Moses heard the people weeping throughout their families, all at the entrances of their tents. Then the Lord became very angry, and Moses was displeased. So Moses said to the Lord, “Why have you treated your servant so badly? Why have I not found favor in your sight, that you lay the burden of all this people on me? Did I conceive all this people? Did I give birth to them, that you should say to me, ‘Carry them in your bosom, as a nurse carries a sucking child, to the land that you promised on oath to their ancestors’? Where am I to get meat to give to all this people? For they come weeping to me and say, ‘Give us meat to eat!’ I am not able to carry all this people alone, for they are too heavy for me. If this is the way you are going to treat me, put me to death at once—if I have found favor in your sight—and do not let me see my misery.”
Psalm
Psalm 81:12-13, 14-15, 16-17
So I gave them over to their stubborn hearts,
to follow their own counsels.
O that my people would listen to me,
that Israel would walk in my ways!
Then I would quickly subdue their enemies,
and turn my hand against their foes.
Those who hate the Lord would cringe before him,
and their doom would last forever.
I would feed you with the finest of the wheat,
and with honey from the rock I would satisfy you.”
Gospel Reading
Matthew 14:13-21
Now when Jesus heard this, he withdrew from there in a boat to a deserted place by himself. But when the crowds heard it, they followed him on foot from the towns. When he went ashore, he saw a great crowd; and he had compassion for them and cured their sick. When it was evening, the disciples came to him and said, “This is a deserted place, and the hour is now late; send the crowds away so that they may go into the villages and buy food for themselves.” Jesus said to them, “They need not go away; you give them something to eat.” They replied, “We have nothing here but five loaves and two fish.” And he said, “Bring them here to me.” Then he ordered the crowds to sit down on the grass. Taking the five loaves and the two fish, he looked up to heaven, and blessed and broke the loaves, and gave them to the disciples, and the disciples gave them to the crowds. And all ate and were filled; and they took up what was left over of the broken pieces, twelve baskets full. And those who ate were about five thousand men, besides women and children.
Reflection
Friends, in today’s Gospel, we see Jesus’ miracle of feeding the five thousand. Jesus went up on a mountain and sat down with his disciples. In Scripture, mountains are places of encounter, where God comes down and men and women go up.

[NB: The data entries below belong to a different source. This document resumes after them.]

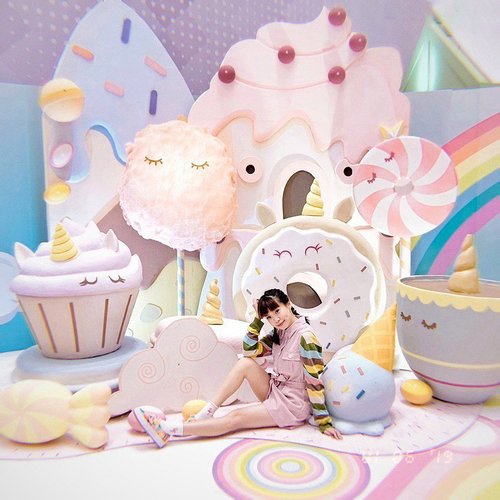 Remember the package from @mallofindonesia ? Where it says something magical is coming this June!! It’s time for the big reveal 🥰 Blending in with the whimsical pastel decors at @mallofindonesia Unicorn Land 🦄 definitely my colour palette 🎨💛 enjoy these beautiful installations where there are about 11 photo corners you can enjoy to take you to the dreamy pastel magical unicorn world. It’s going to be available from 1 June-14 July 2019 😄 btw they’re also hosting a photo competition during this unicorn land event, go check out @mallofindonesia for more info ❤️ ....#clozetteid #moiunicornland #zalorastyleedit #exploretocreate #style #ootd #steviewears #unicorn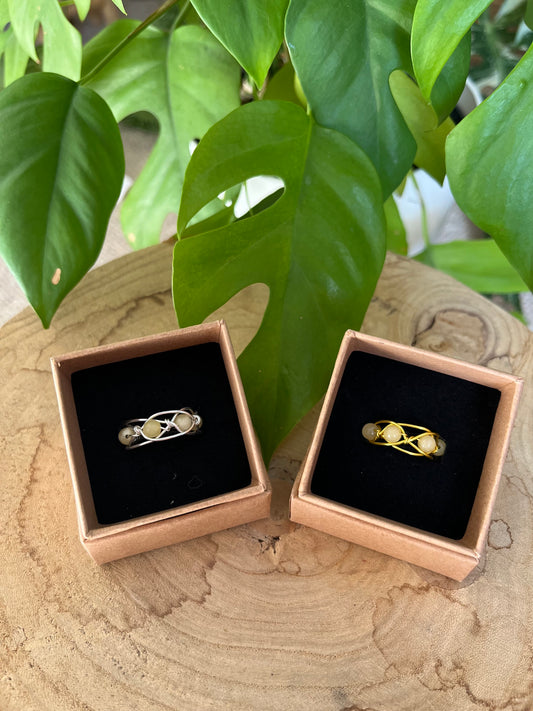 Solarplexus Chakra Ring – Orangencalcit in 925 Silber oder goldfarbenem Draht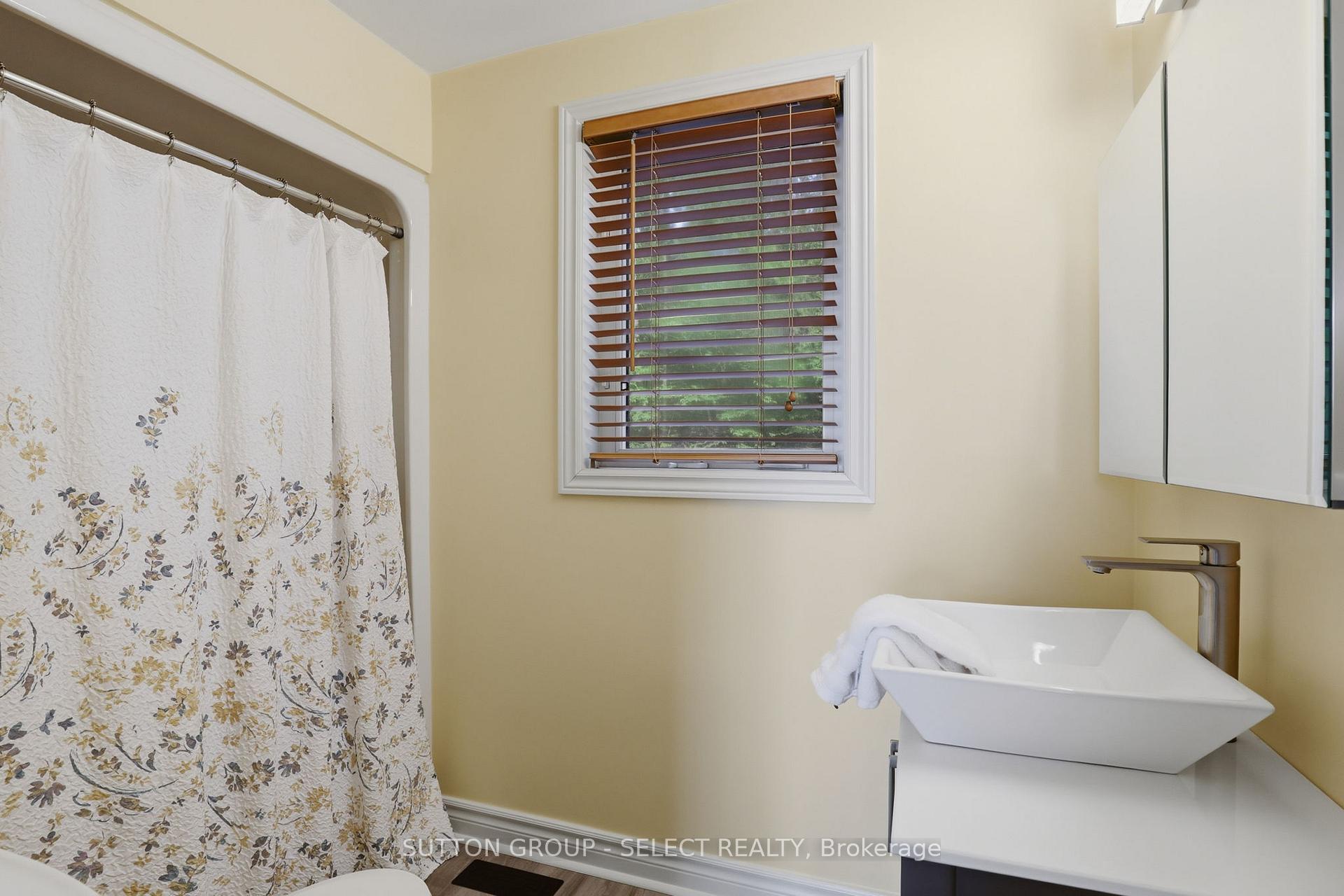 Photo 19 of 5284 Cliff Road, Lambton Shores, Forest — HOMEH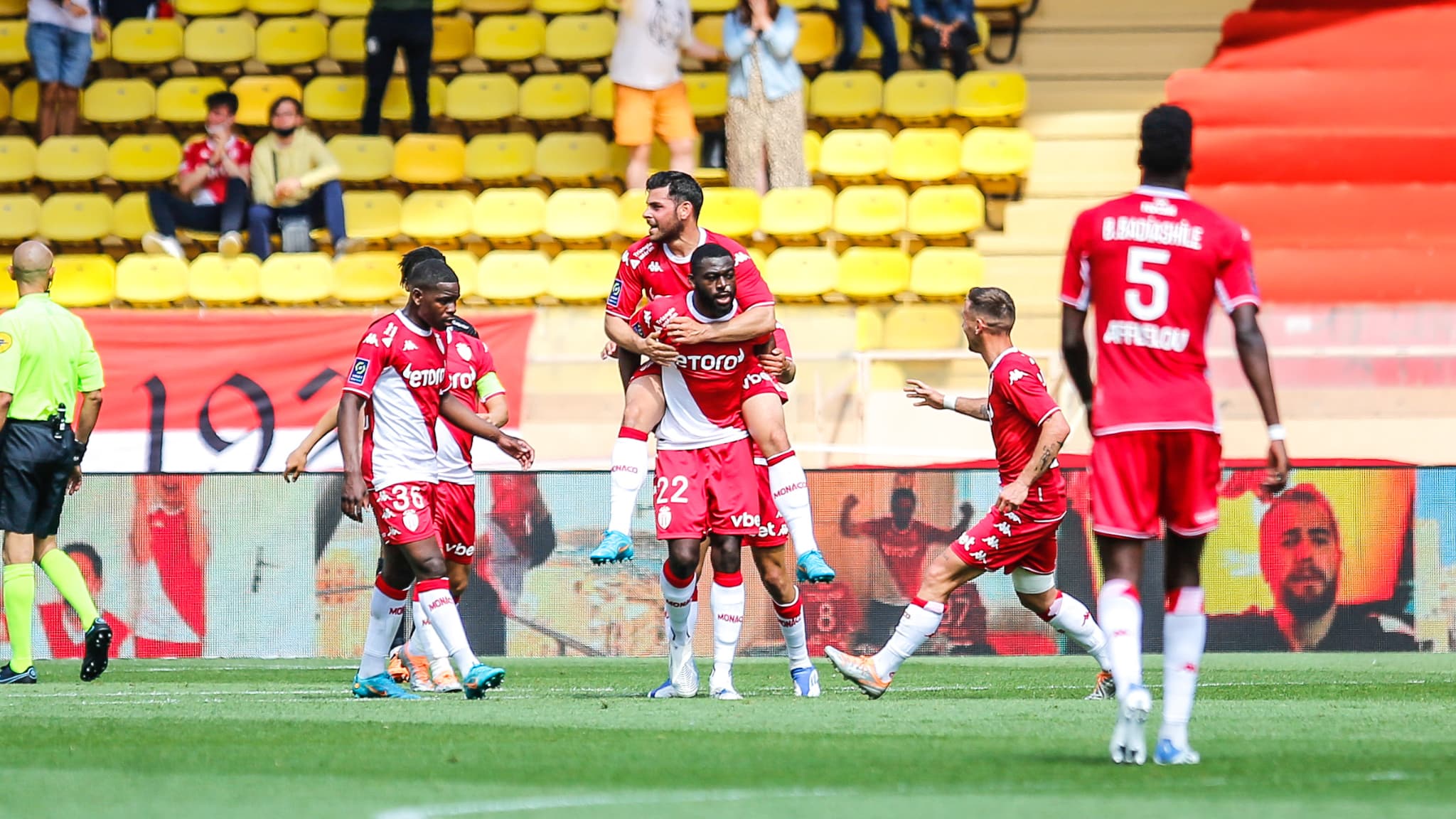 Ligue 1 : Monaco renverse Brest et se rapproche de la Ligue des champions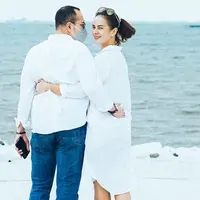 Meski jarang mengumbar kemesraan, wanita kelahiran 12 Juli 1986 ini selalu tampil romantis saat mengunggah potret liburannya bareng suami. Seperti pada potret yang satu ini, keduanya mesra dengan memakai busana berwarna putih. Senada dengan itu, Astrid pun tersenyum bahagia ke arah kamera. (Liputan6.com/IG/@astridtiar127)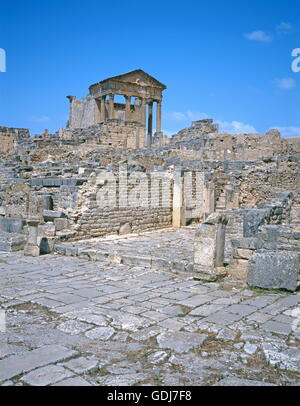 Géographie / voyages, Tunisie, Dougga, Capitol, ruine romaine-Clearance-Info Additional-Rights, ville-Not-Available Banque D'Images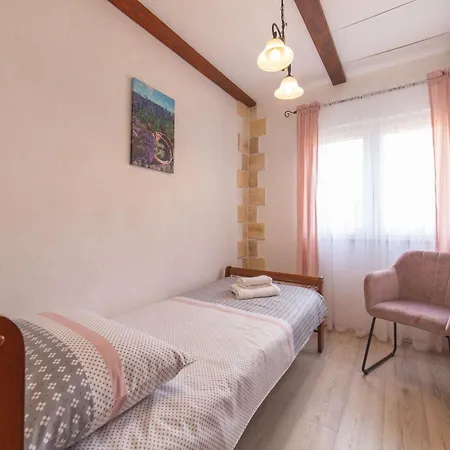 Serene Retreat With Pool - Two Bedroom * Veliki Brocanac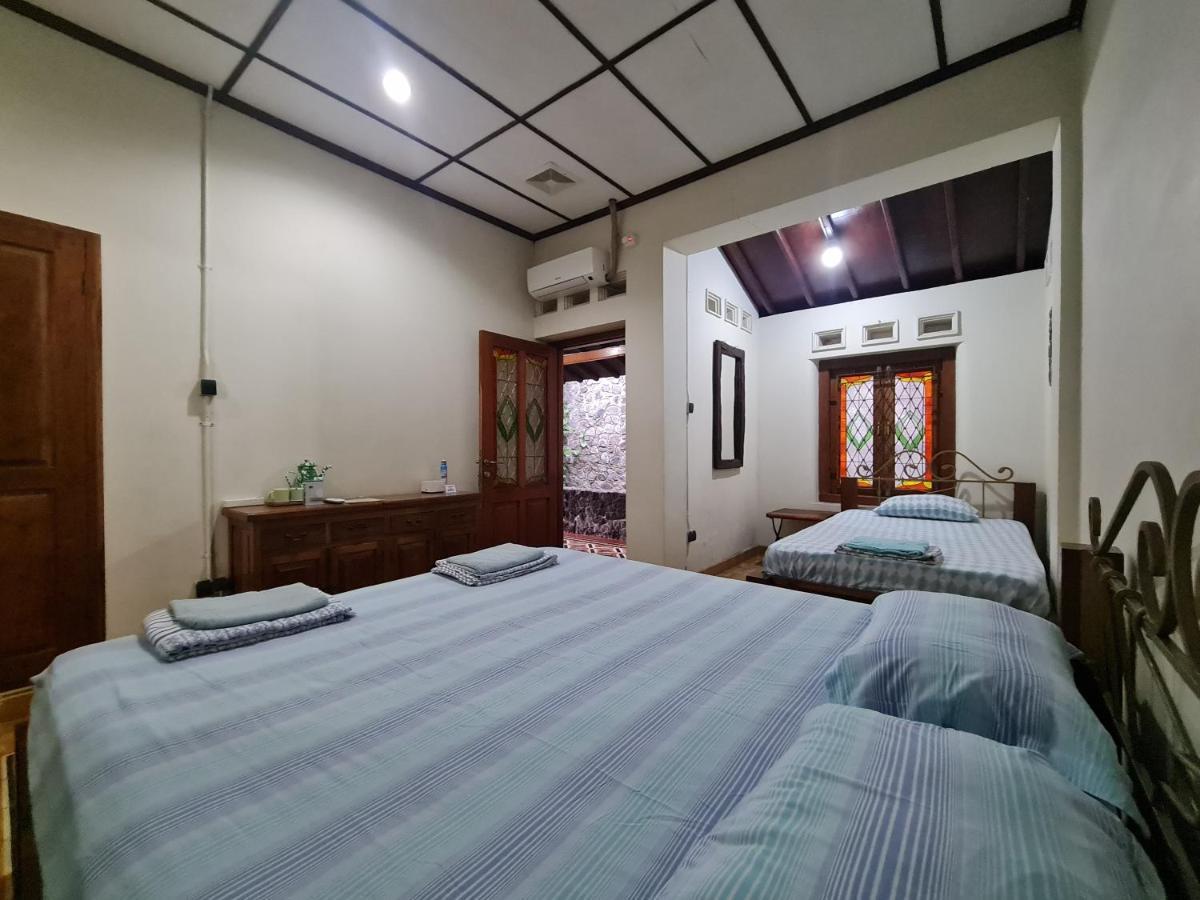 Omah Pitoe Yogya Homestay Jogjakarta Buitenkant foto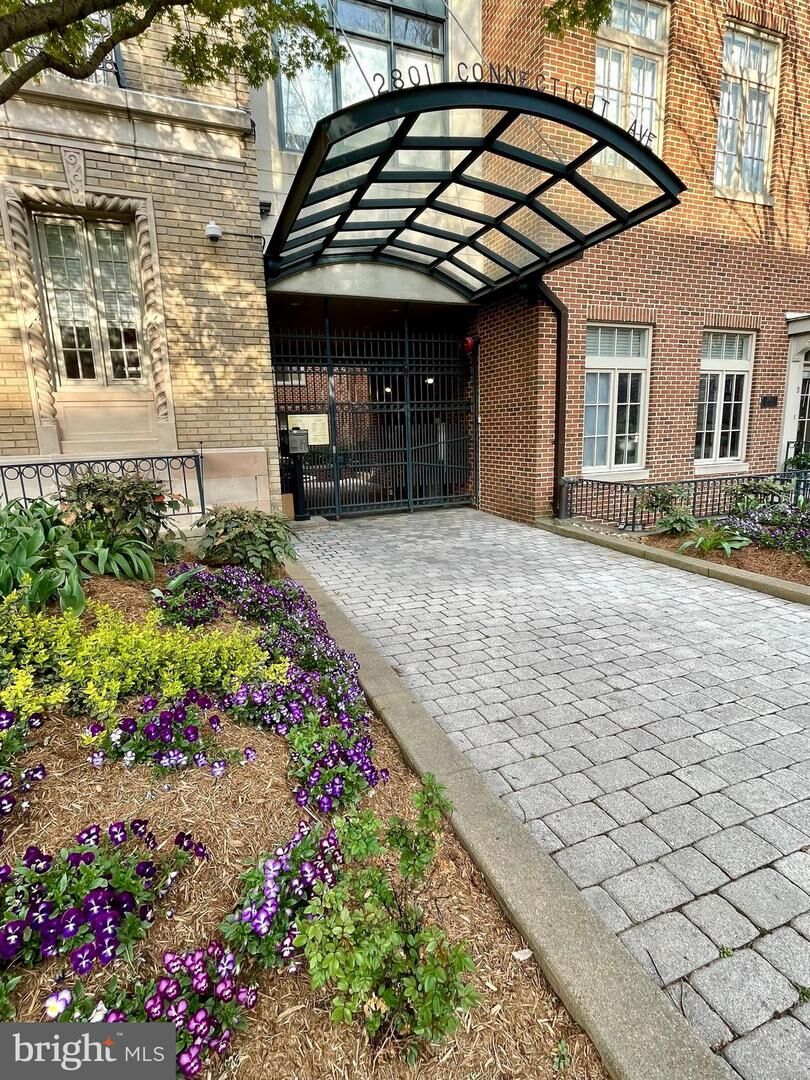 Property Photo:  2801 Connecticut Avenue NW 20  DC 20008 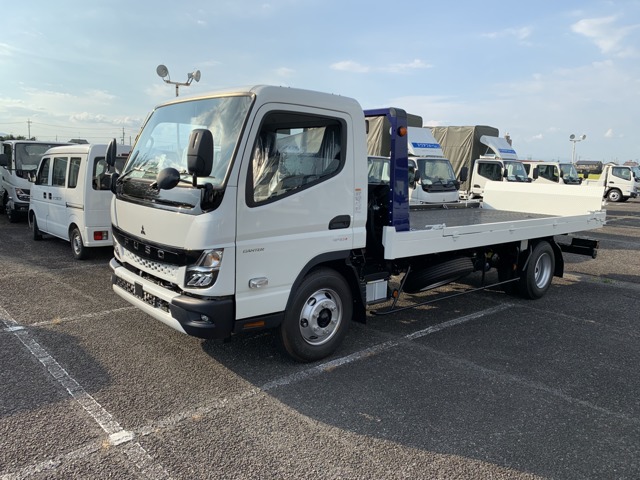 2025 Mitsubishi Fuso Canter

The disciples want to dismiss the hungry crowd, but Jesus says, “There is no need for them to go away; give them some food yourselves.” Jesus is interested not only in instructing the crowds but in feeding them as well. The disciples bring forth a poor pittance—five barley loaves and two fish—and observe that this is woefully inadequate for so many. But Jesus presses forward, taking, giving thanks, and having the disciples distribute the bread. And everyone is fed.
A significant theological principle is in play here: God has no need vis-à-vis the world that he has made. Precisely because he stands to gain nothing from the world, whatever is given to him breaks against the rock of the divine self-sufficiency and redounds to the benefit of the giver. From this principle follows as a corollary what St. John Paul II called the law of the gift—namely, that one’s being increases in the measure that one gives oneself away.